Teaching younger students about appraising calibre and authenticating content is made a little easier by using a resource such as the TED talk on “How to choose your own news” (Brown, 2014) – an engaging animation.
There is no doubt that there has been an exponential increase in the publication of extreme, untrue and misleading “fake news” since the rise of social media such as Twitter and Facebook, partly due to the fact that the number of clicks may equate to real income for the posters (Garun, 2016). This poses a real issue for the founders of such sites, such as Facebook’s Mark Zuckerberg, who has expressed concern at the site being forced into becoming arbiters of truth (Liptak, 2016). The sites on which such “untruthiness” is spread have become known for fostering click bait (Zimdars, 2016).

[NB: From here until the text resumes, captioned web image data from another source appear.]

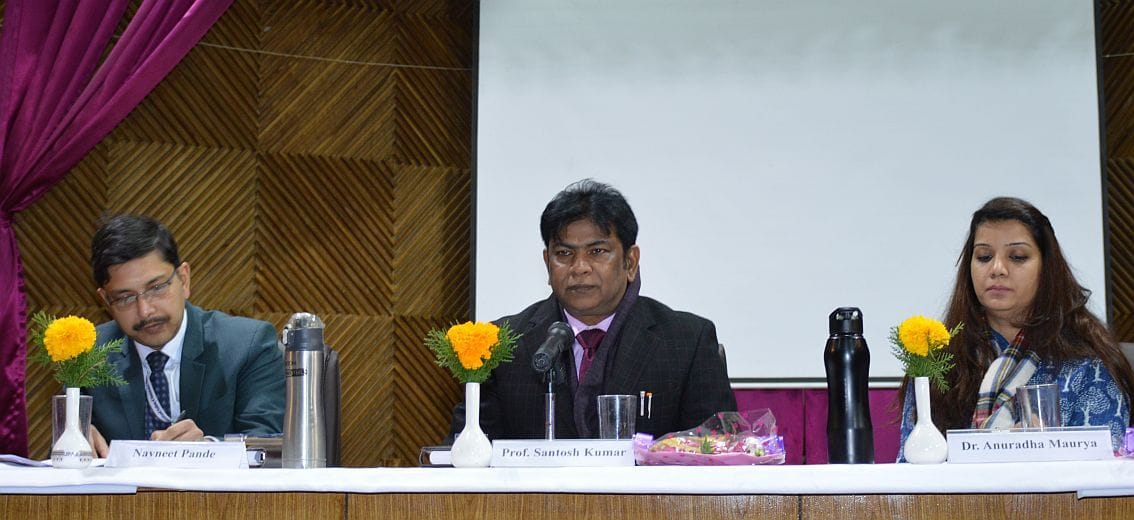 Earthquake-resistant construction is essential to prevent disaster: Prof. Satisfaction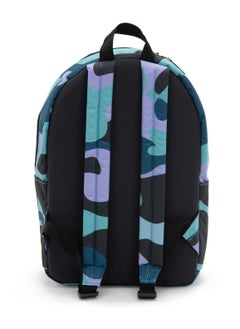 Mintra Day Pack  4P (Laptop pocket) - printed - Sky Blue Camo  - Image 3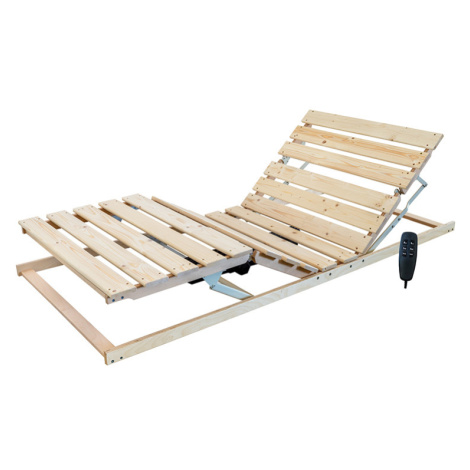 Laťový rošt Ahorn Latt Lux 16 motor Rozměr: 120x190 cm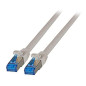 EFB ELEKTRONIK K5525FGR.5 CABLE DE RED 5 M CAT6A S/FTP (S-STP) GRIS EFB ELEKTRONIK K5525FGR.5 CABLE DE RED 5 M CAT6A S/FTP (S-STP) GRIS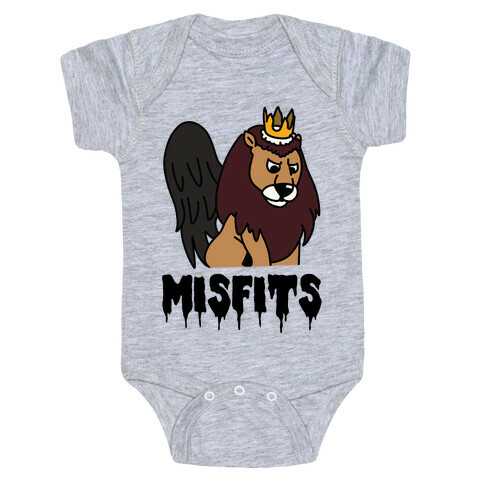 Misfits Moonracer Baby One-Piece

There have also been allegations that social platforms influenced election results in several countries in 2016 (Garun, 2016). This of itself may not be all bad – but it does indicate the serious need for teaching readers how to negotiate the publications of our time by understanding the underlying purpose of the publications to which they are exposed, and to question the authenticity of what they read, in much the same way that commercial transactions advise that the buyer must be aware. It is critical that leading universities such as Stanford do not continue to find that their students are vulnerable to fake news (Weinberg, 2016).
It is crucial that Australian students are able to learn within their own context about the ways this can be an issue locally, as well as seeing information relating to the United States in particular. We need to be developing Australian resources to support teaching the necessary skills.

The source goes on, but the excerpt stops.